The primary demand for assistance this winter was for fuel oil. Fifty-nine per cent asked for help with their fuel oil costs and 31 per cent requested firewood support. There were smaller amounts for propane at six per cent and wood pellets at four per cent. Fuel for Warmth also referred 13 families to the Low Income Energy Assistance Program for Hydro expenses.
Key to the efforts of Fuel for Warmth this year was the very successful fundraising from the 2016 Highlands Christmas Shindig and funds from the Canoe FM radio bingo. These, plus the generous support of donors throughout the Highlands enabled Fuel for Warmth to double the amount of the fuel “gifts” to clients. This was extremely important when you consider that many residences require $100 or more, per week, to heat in the winter.
We continue to employ a fiduciary process that examines all requests through local suppliers and then, on confirmation of the need, make payments on our client’s behalf. We can report that in virtually all instances the requests are valid and very necessary. As a charitable organization we take our responsibility to our donors and our clients very seriously.
This year Fuel for Warmth reported that 66 per cent of the requests came from Minden Hills, 16 per cent from Kinmount, 12 per cent from Dysart et al, four per cent from Algonquin Highlands and two per cent from Highlands East. Adults represented the largest proportion of people helped, at 53 per cent. The organization reported 22 per cent were children and a further 25 per cent were seniors in our county.
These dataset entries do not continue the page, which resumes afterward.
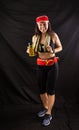 Beautiful girl in jogging red uniform, drinks water after training in the studio on a black background Royalty Free Stock Photo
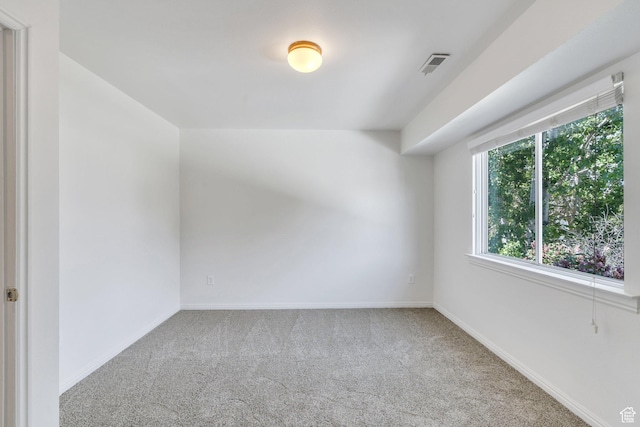 carpeted spare room with baseboards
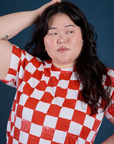 Front close up of Checker Organic Tee in Red on Ashley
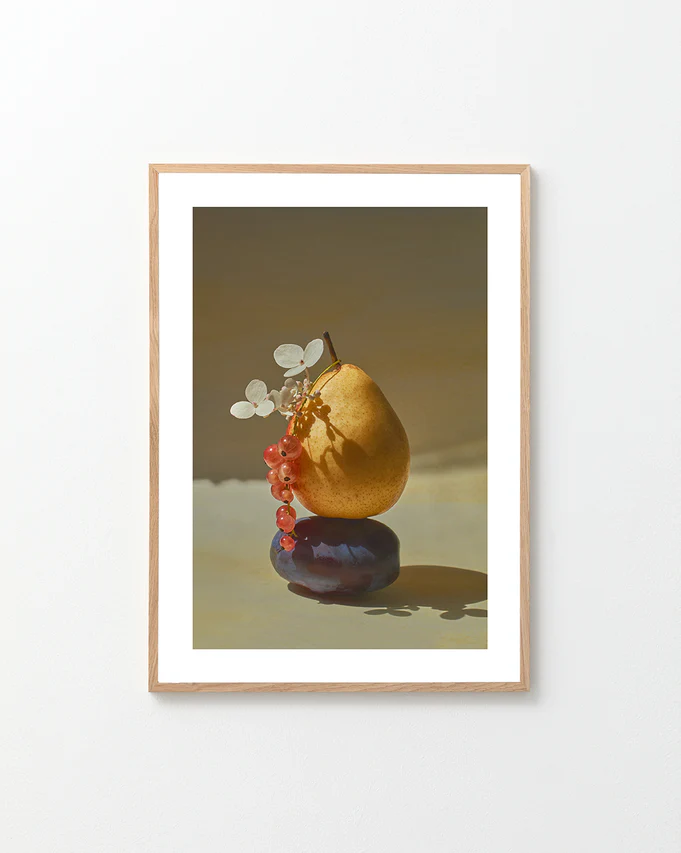 Poster featuring  a stillife photography of a pear balancing on a plum in a oak frame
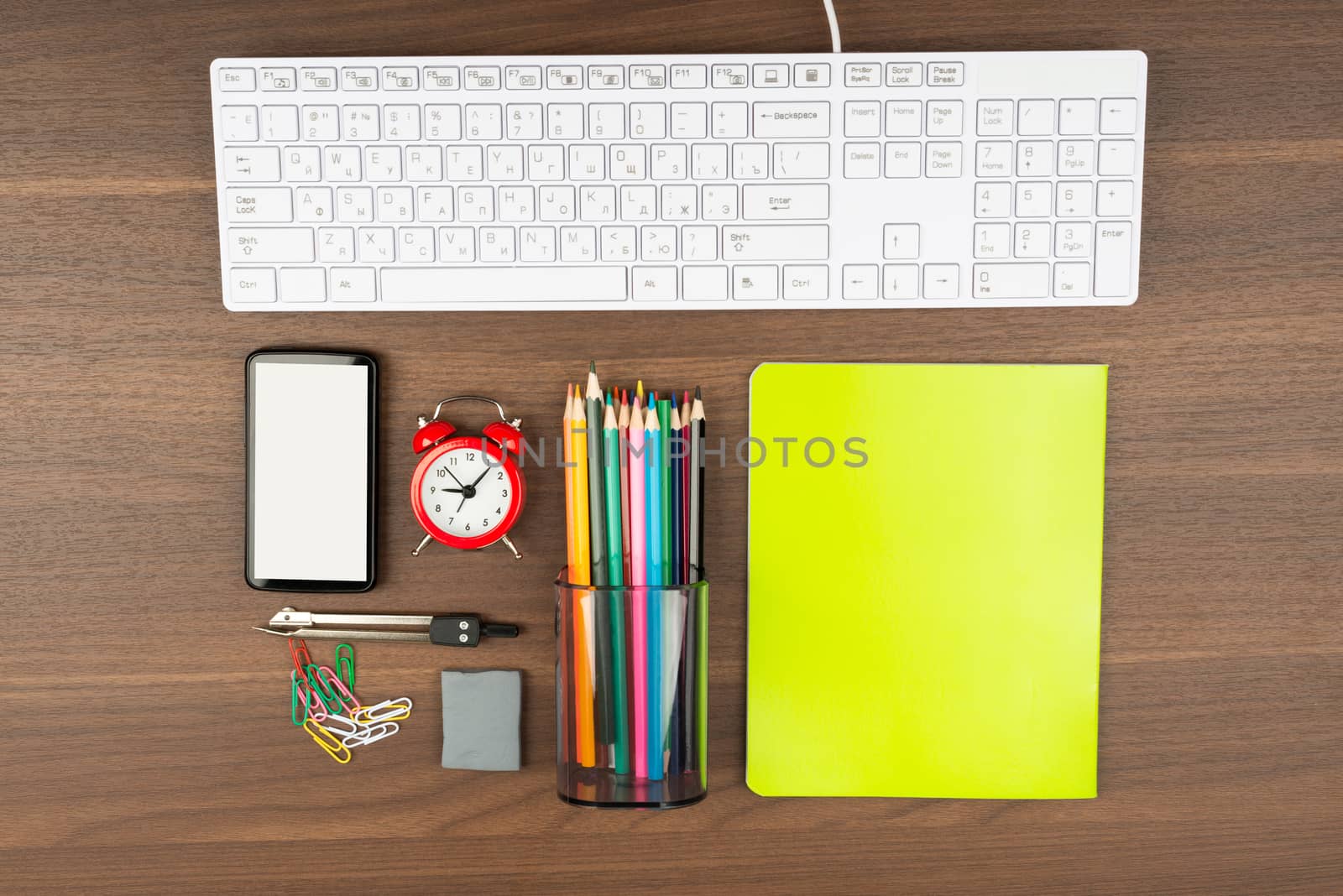 Keyboard with office supplies on wooden table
Thanks to the generosity of the Scotty Morrison family and the Marty Udvari family, Fuel for Warmth purchased a professional grade wood splitter which the volunteers used to good effect. The process of receiving wood contributions (logs), cutting and splitting is an ongoing part of the volunteer efforts of the organization. This ensures that, come the colder season, there is a good supply of dry wood available for those in need.
It is a fact of life that costs for families and individuals continue to climb in our county. The cost of accommodation, taxes, food, clothing and other necessities put significant pressure on those with fixed incomes or who are the working poor. In the highlands, many of those employed are holding down more than one job to try and make ends meet but unfortunately funds run out before the end of the month. And that is even more pronounced in the winter season. Fuel for Warmth is able to step in and support them during the most devastating season of the year when tourism and outside employment is at a seasonal low. As Isabella Daley said in an article in the OnPolicy report (2016)
“Being working poor is thinking $12 an hour is a great job.” As we all know, that doesn’t take you very far.
We know how dire the need is when we consider the demand on our food banks and our school food programs. The good work that local organizations do in these areas is a close companion to the efforts of Fuel for Warmth. It is our intention to continue to close the gap, keep adults and children warm, while they deal with all their other challenges.
The response back from our clients is heartwarming and at the same time heartbreaking. The calls and notes of appreciation are the fuel for our volunteers. When it’s appropriate, we are able to make contact with other services in order to try and assist them in other areas of their lives.
2016/17 was an extremely busy period. We track our requests by households, while noting those in the residence being served. Yes, the number of individuals is in the hundreds, but of greater significance is the fact that the number of households requesting help has not diminished. What are the final numbers? Well, we won’t know that for a short while yet. We are still filling requests as the season continues to bring cold, damp days.
We thank everyone in the Haliburton Highlands who supported Fuel for Warmth with donations, both in cash or gifts-in-kind. We also recognize the many volunteers who made it possible for us to “save the day” for our clients. As always, the generosity and compassion of those who live here is a source of inspiration for us all.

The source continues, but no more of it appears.